$(x^2 − y^2)z − y^3 = 0$
i divide by $z^3$ and look for rational solutions of the equation $A^2 − B^2 − B^3 = 0.$ The point $(A,B) = (0, 0)$ is a singular point, that is any line through this point will meet the curve twice in $(0, 0)$. Now i wanna use Diophantus chord method using the lines passing through $(0, 0)$ but i can't seem to pass this point
On
$$(x^2-y^2)z-y^3=0$$
$$ x^2 z = y^2 (y + z) $$
Let $λ$ be the gcd of $x$ and $y$, then we have:
$$ x = λn, y=λm, (m, n) = 1$$
and the equation becomes:
$$ n^2 z = m^2 (λ m + z) $$
Then, because (m,n)=1, we must have: $z=m^2 ω$
$$ n^2 ω = (λ m + m^2 ω) $$
$$ n^2 ω = m (λ + m ω) $$
and again, because (m,n)=1, it must be: ω = m k
$$ n^2 k = (λ + m^2 k) $$
$$ (n^2 - m^2) k = λ $$
with the only restriction being: (m,n)=1
So, all the solutions are of the form:
$$ x = k n (n^2 - m^2) $$ $$ y = k m (n^2 - m^2) $$ $$ z = k m^3 $$
At least for a nonvertical line $B=kA$ when plugged into $$A^2-B^2-B^3=0 \tag{1}$$ gives $$A^2-k^2A^2-k^3A^3=0,$$ where here the double root corresponds to $A^2$ being a factor. After dividing by that and solving for $A$ one gets $A=(1-k^2)/k^3,$ and so also $B=kA=(1-k^2)/k^2.$ Finally a check reveals these values of $A,B$ satisfy $(1).$ So this is a parametrization of the solution set for rationals, which covers most points on the curve.

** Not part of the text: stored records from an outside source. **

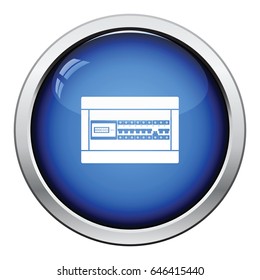 Circuit breakers box icon. Glossy button design. Vector illustration.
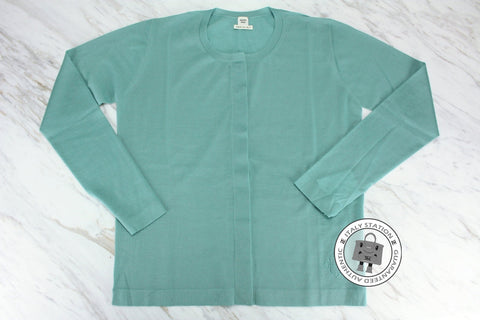 HERMES Hermes 002701D3 Short Long Sleeved Vert D Eau Clair / L0 Cashme | Italystation.com - Shop Now at italystation.com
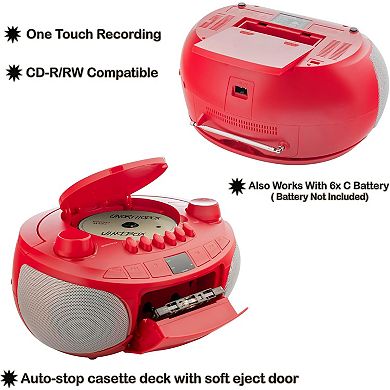 Memorex BCCD50 AM FM Top Loading CD and Cassette Player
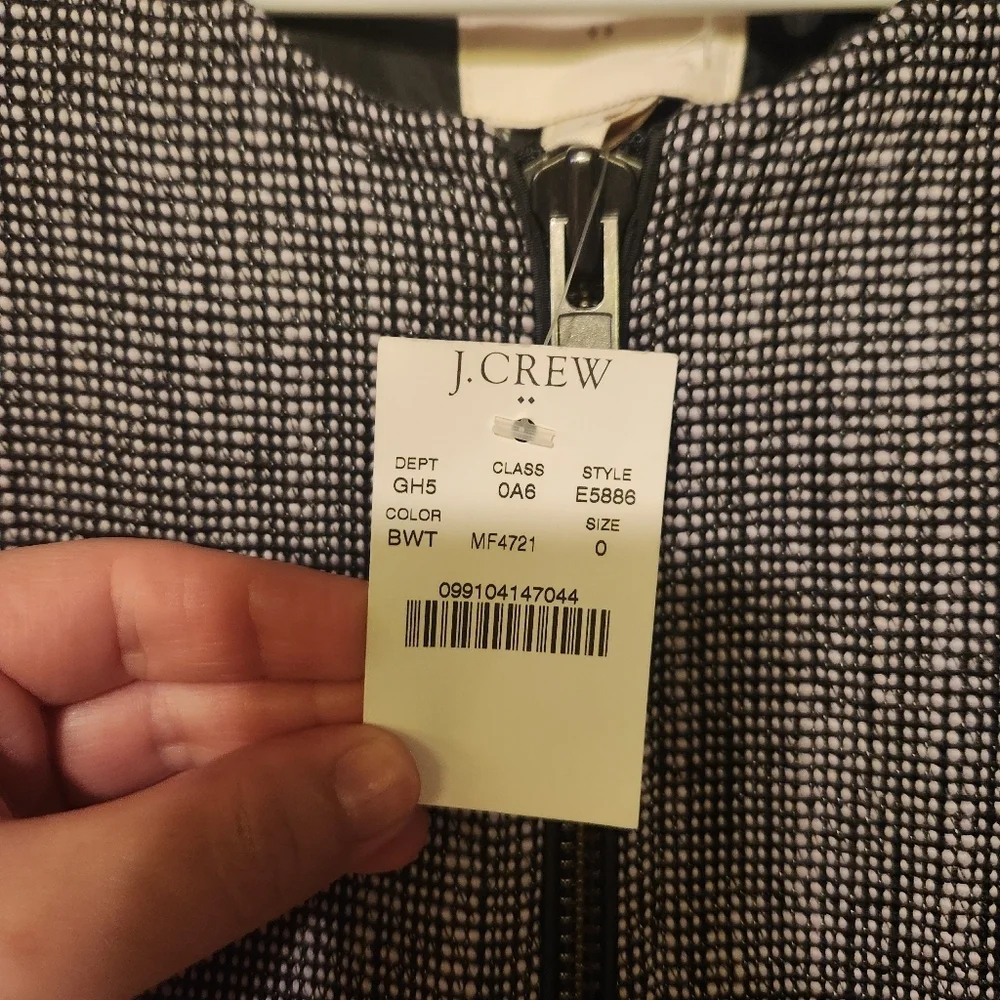 NWT J. Crew Cropped Zipper Blazer Cotton Size 0 Grey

There of course would still be a lot of work to go from such a rational parametrization to finding all positive integer solutions to the starting equation.
Added note: For the starting equation $$(x^2-y^2)z-y^3=0, \tag{2}$$ if one puts the $k$ parameter in the above rational parametrization equal to $m/n,$ where we assume $0<m<n$ in order that we have $0<k<1,$ then we can work backwards and get a collection of positive integer solutions $(x,y,z)$ to equation $(2).$ The resulting expressions are $$x=n(n^2-m^2),\ \ y=m(n^2-m^2),\ \ z=m^3.\tag{3}$$ Note that if given a positive integer solution to $(2)$ we multiply each of $x,y,z$ by some positive integer $k$ say, another solution results. So one could call a solution "primitive" provided the gcd of $x,y,z$ is $1$. In this sense, the remaining question is whether there are primitive solutions not included in the equations $(3).$ I've had some success so far on this, having shown at least that $z$ must be a cubic factor of $y^3.$